Accords de performance collective : un progrès à signaler, mais un dispositif toujours trop permissif
7 octobre 2025 | Social
Crées par les ordonnances Macron de 2017, les accords de performance collective (APC) permettent, par la négociation, de modifier le salaire, le temps de travail et la mobilité, au nom de la préservation de l’emploi. Après la conclusion d’un tel accord, un salarié qui refusait la modification de son contrat de travail pouvait cependant se faire licencier. Un récent arrêt de la cour de la cassation change la donne : désormais, si un juge estime que les nécessités de fonctionnement de l’entreprise étaient insuffisantes pour justifier la mise en œuvre d’un APC, un salarié pourra toucher des dommages et intérêts, pour licenciement sans cause réelle et sérieuse.
Dispositif controversé de maintien en emploi, les accords de performance collective (APC) avaient été introduits en 2017 par les ordonnances Macron. Ils permettent à une entreprise en grande difficulté économique de modifier à la baisse les salaires ou encore de moduler le temps de travail de ses salariés, en vue de préserver au maximum l’emploi des travailleurs concernés. Si ces mesures se traduisent par un renoncement de certains droits et avantages pour les salariés, elles sont donc en contrepartie censées aider l’entreprise à éviter un éventuel dépôt de bilan ou une restructuration drastique de ses moyens et effectifs. Un accord de performance collective doit cependant préalablement être signé par les syndicats majoritaires (ou approuvés par référendum des salariés) pour être mis en œuvre.

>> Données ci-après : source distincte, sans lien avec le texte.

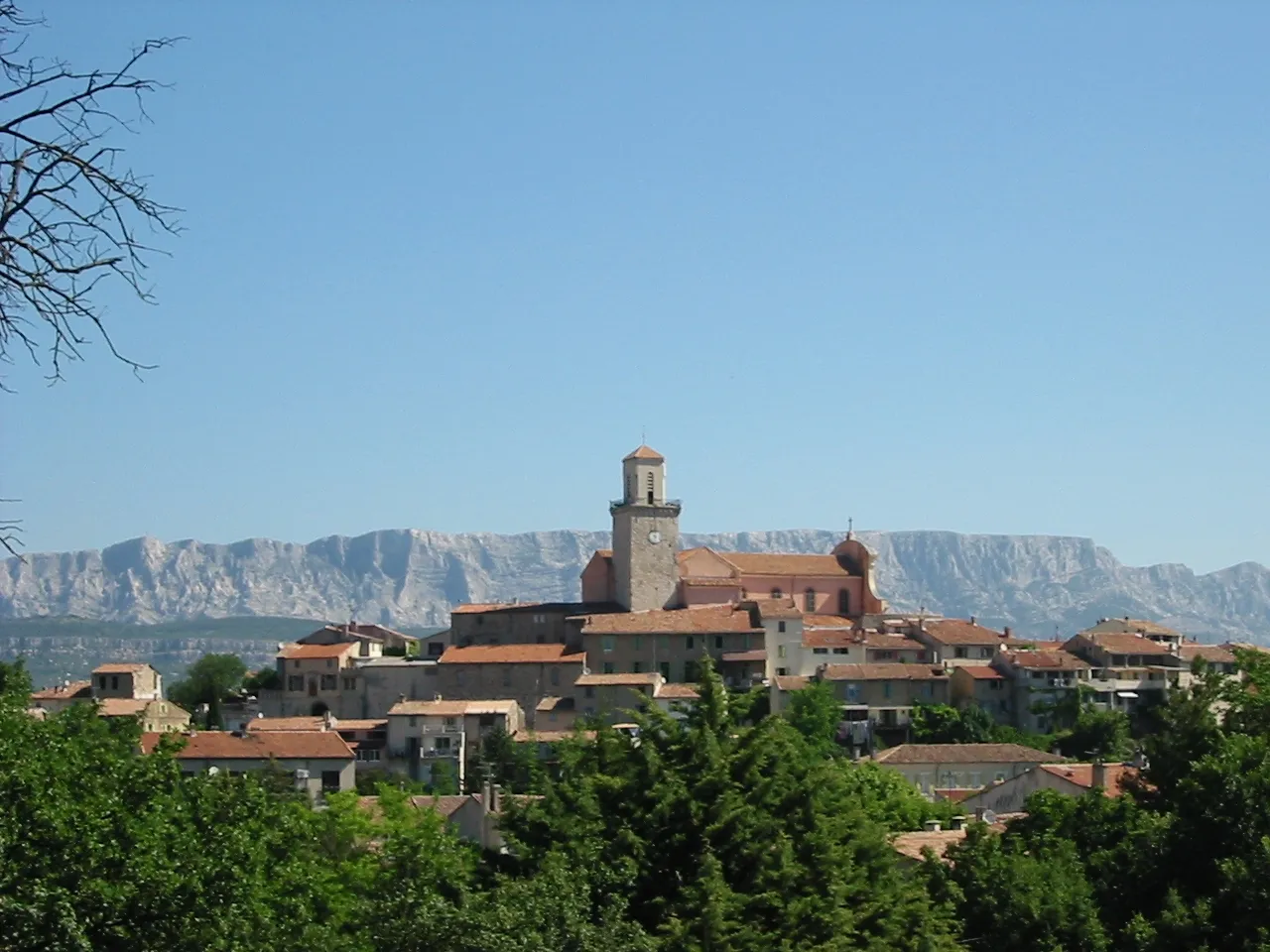 Vue de Fuveau (Bouches-du-Rhône) - état des risques et pollutions (ERP)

Juger du bien-fondé de l’APC
Néanmoins, il arrivait parfois qu’un salarié refuse la modification du contrat de travail induite par un APC: le cas échéant, l’employeur pouvait licencier le salarié concerné pour ce motif spécifique, pour cause réelle et sérieuse. Si un APC avait été préalablement conclu, un salarié ne pouvait donc pas contester le bien-fondé de ce type d’accord.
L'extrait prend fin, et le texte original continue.